The libretto of Sosarme, Re di Media
(first performed at the King’s Theatre on 15 February 1732) was adapted from Antonio Salvi’s Dionisio, re di Portogallo
, and was originally set in Coimbra, Portugal. The title role was based on the Portuguese king Dionisio (‘Denis the Farmer’), who reigned from 1279 to 1325. While composing the opera Handel changed the location to Sardis in ancient Lydia, and the characters were given fictional names, Dionisio becoming King Haliate of Lydia. This was presumably to avoid any possible offence to the royal family of Portugal, a long-standing ally of Britain, especially as the story of the opera involves a family feud. Haliate and his son Argone are at odds because Argone has been misled into thinking that Haliate intends to make his illegitimate son Melo his heir. Haliate’s wife Erenice, and her daughter Elmira (who is engaged to Sosarme, king of Media) are greatly distressed by the quarrel, and their anxiety has been increased by a dream in which Erenice has been told that reconciliation will come only ‘with royal blood shed by a son’. In Act 1 Erenice and Elmira fail to persuade Argone from leading an attack on his father, and Elmira ends the act with a reflection on the divine promise of peace to be achieved only at the cost of bloodshed. The contrast of calm and agitation is depicted in the music.

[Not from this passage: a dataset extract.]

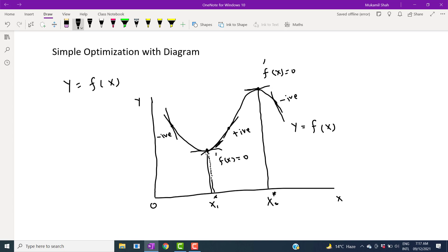This tangent, which has zero slope at x1-star, will become positive if we shift x slightly in its neighborhood. The slope starts rising, and the double prime of x becomes greater than zero. Similarly, if we increase the value of x2-star slightly in its immediate neighborhood, this tangent will become negatively sloped — it was initially zero slope, but now it is negatively sloped. In this case, the double prime of x becomes negative.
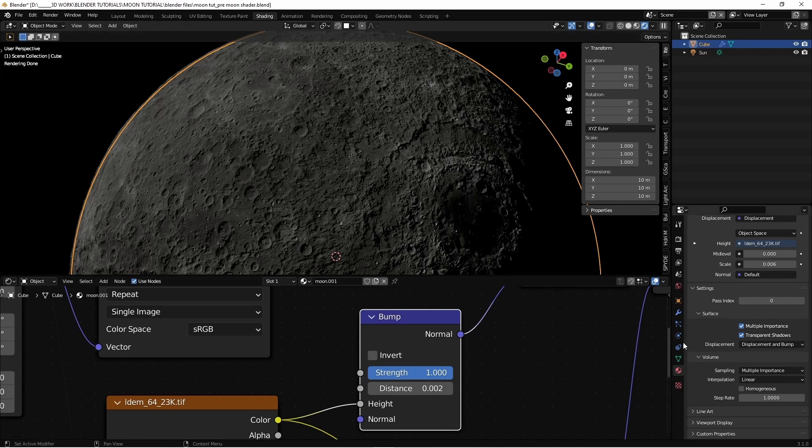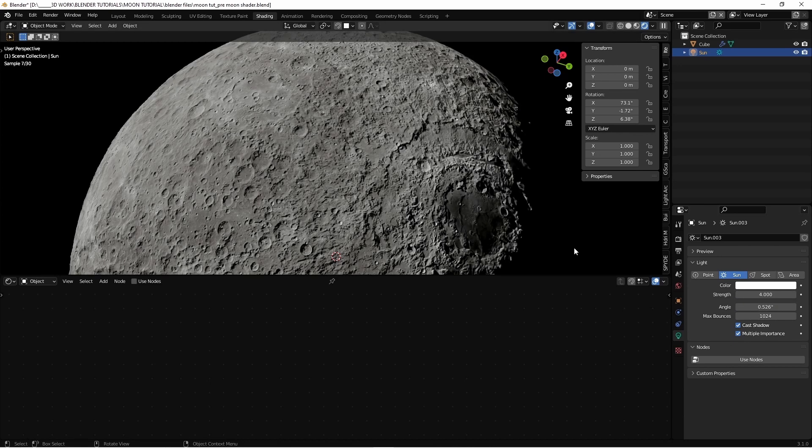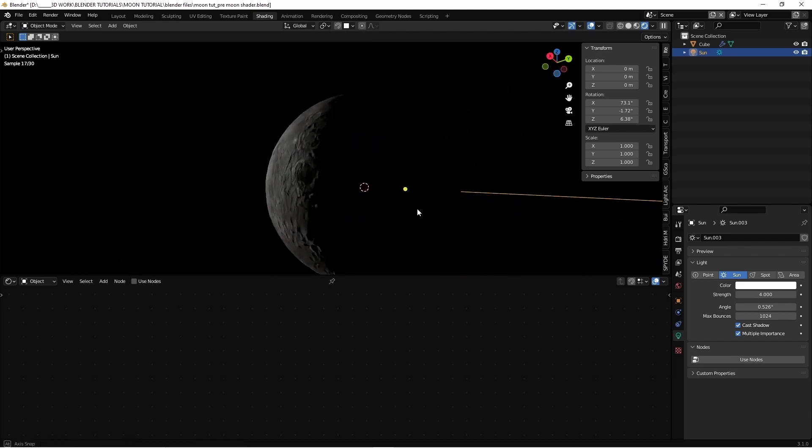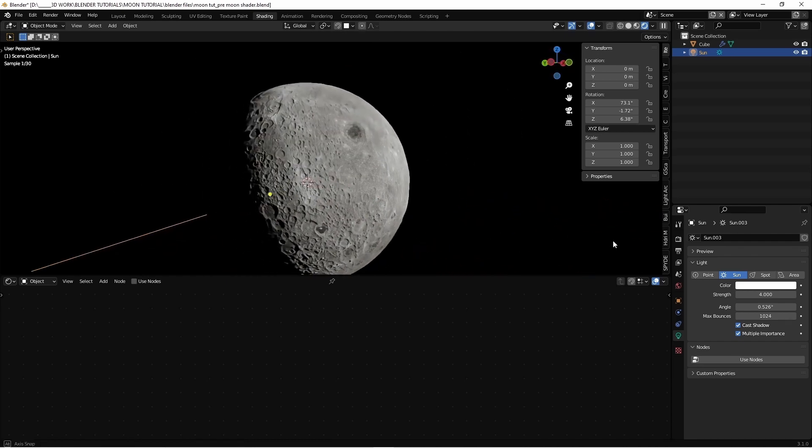We can enhance the power of the sun. It's set on one, let's say four. And well, our moon is almost ready. We're almost done, my friends.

In Act 2 the situation is made worse by the plotting of Haliate’s treacherous counsellor Altomaro. He wants Melo to become heir because Melo’s mother was Altomaro’s daughter, but Melo himself is entirely honourable and will not be party to the plan. Altomaro leads Haliate and Argone to believe that each has challenged the other to single combat, reinforcing the hatred between father and son. In Act 3 Melo and Erenice discover Altomaro’s deceit and resolve to put matters right. Meanwhile Elmira again tries to appeal to Argone’s better nature and is again rebuffed. She decides to prevent the duel, but is uncertain whether she can achieve a reconciliation; her aria expresses her hopes and fears.